John W Colby jwcolby at gmail.com
Fri Mar 7 12:27:36 CST 2014


Bill,

Correct me if I am wrong but what is going on is that the autoincrement is a SIGNED long integer, 
i.e. +/- 2^31.  I never understood why they used a signed long instead of an unsigned long but it is 
what it is.

So... the way the autoincrement is supposed to work is that it increments starting at 1 up until it 
would "roll over".  What it rolls over TO is -2^31 (a very large negative number) and then starts 
counting back towards 0.  Essentially it simply adds 1 to the number until it counts all the way up 
to 2^33.  When it reaches 2^31+1 it "rolls over and continues counting. Since 2^33 won't fit in a 32 
bit number, when it adds 2^33 ones it is back to zero, i.e. it "rolls over" again.

Back to your example, I think that you are trying to insert TWO values into table A, the long int 
and the text value.  Since the long in table A is an autoincrement, try adding just the text value 
into Table A and see what happens.

John W. Colby

Reality is what refuses to go away
when you do not believe in it

On 3/7/2014 12:02 PM, Bill Benson wrote:
> OK, this discussion has intrigued me like few others. I have found a fun and
> free way to corrupt my database. Play along boys and girls and I am sure it
> will be fun for you too. In the below example, B is used as a temp table to
> hold a couple of values for the fun and exciting purpose of destroying A's
> usefulness.
>
> CurrentDb.Execute "DROP TABLE [A];"
> CurrentDb.Execute "DROP TABLE [B];"
> CurrentDb.Execute "CREATE TABLE [A] (ID AUTOINCREMENT NOT NULL PRIMARY KEY,
> Field2 TEXT);"
> CurrentDb.Execute "CREATE TABLE [B] (ID LONG, Field2 TEXT);"
> CurrentDb.Execute "INSERT INTO B (ID, FIELD2) VALUES (-2147483648,
> 'DELETEME');"
> CurrentDb.Execute "INSERT INTO B (ID, FIELD2) VALUES (2147483647,
> 'DELETEME');"
> CurrentDb.Execute "INSERT INTO A SELECT * FROM B;"
> CurrentDb.Execute "DELETE FROM [A] WHERE ID =2147483647;"
> CurrentDb.Execute "DROP TABLE [B];"
>
> This leaves a single record in table A with ID = -2147483648
>
> Now try and add a new record to A and you will find you cannot.

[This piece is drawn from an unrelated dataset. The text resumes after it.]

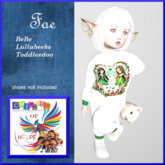H.O.P.E. FAE Romper Green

Why doesn't
> it autoincrement to -2147483647 ? That is a very good question. Let's now
> delete the one record remaining and try again:
>
>            CurrentDb.Execute "DELETE FROM [A] WHERE ID =2147483648;"
>
> Or alternatively
>            CurrentDb.Execute "DELETE * FROM [A];"
>
> Now add a new record and you will see that the database begins a new record
> at ID = -2147483647!!!!
>
> DEFIES ALL LOGIC! It has been my pleasure to baffle you!